[gclist] When to garbage collect

Fridtjof Siebert siebert@gr.opengroup.org
Fri, 14 Nov 1997 15:15:52 +0100


JanFriso.Groote@cwi.nl wrote:
> 
> I would like to know whether there exist references to papers
> dealing with when to really do a Mark-Sweep garbage collection.
> There are many moments when the system can decide to garbage
> collect. However, to reduce overhead, a rule is used to
> determine whether it is worthwhile to go through all the memory.
> A (particularily bad) rule that I encountered in some
> program is that only if less than 5 percent of the declared
> memory is free, (i.e. not used, and no garbage), then
> the process collects the garbage. 

It is important to know what _bad_ means for your. If you want to
minimize the total amount of time spend garbage collecting, it is best
to do as few collections as possible and to to them as late as possible.
So collect only when the available memory is exhausted.

> A far improved
> (and self invented) rule is that the garbage is collected
> if there has been a growth of say 5% of the total
> memory, with respect to the last garbage collection.
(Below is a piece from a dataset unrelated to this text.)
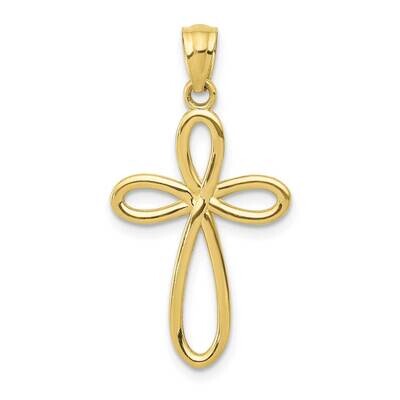 Yellow Gold Ribbon Cross Pendant 10k Gold 10C4508, MPN: 10C4508,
This scheme certainly does not improve the amount of time spend garbage
collecting, but it might be a reasonable approach to keep the gc'ed
program from eating up all the system resources.
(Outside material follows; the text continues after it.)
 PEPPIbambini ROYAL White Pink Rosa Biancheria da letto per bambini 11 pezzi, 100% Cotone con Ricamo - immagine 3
> As I would expect such rules to be described in the literature,
> I would very appreciate if somebody could provide me with pointers.

For the amount of work that an incremental collector should do per
allocation, I examined a simple solution as part of my final thesis (in
German):
http://www.informatik.uni-stuttgart.de/cgi-bin/ncstrl_rep_view.pl?/inf/ftp/pub/library/medoc.ustuttgart_fi/DIP-1484/DIP-1484.bib. 

Here, the amount of work done by the gc on one allocation is bound by a
small constant if the mutator guarantees never to use more than a
certain percentage of the available memory (while this percentage does
not have to be known in advance).

Cheers, 

Fridtjof.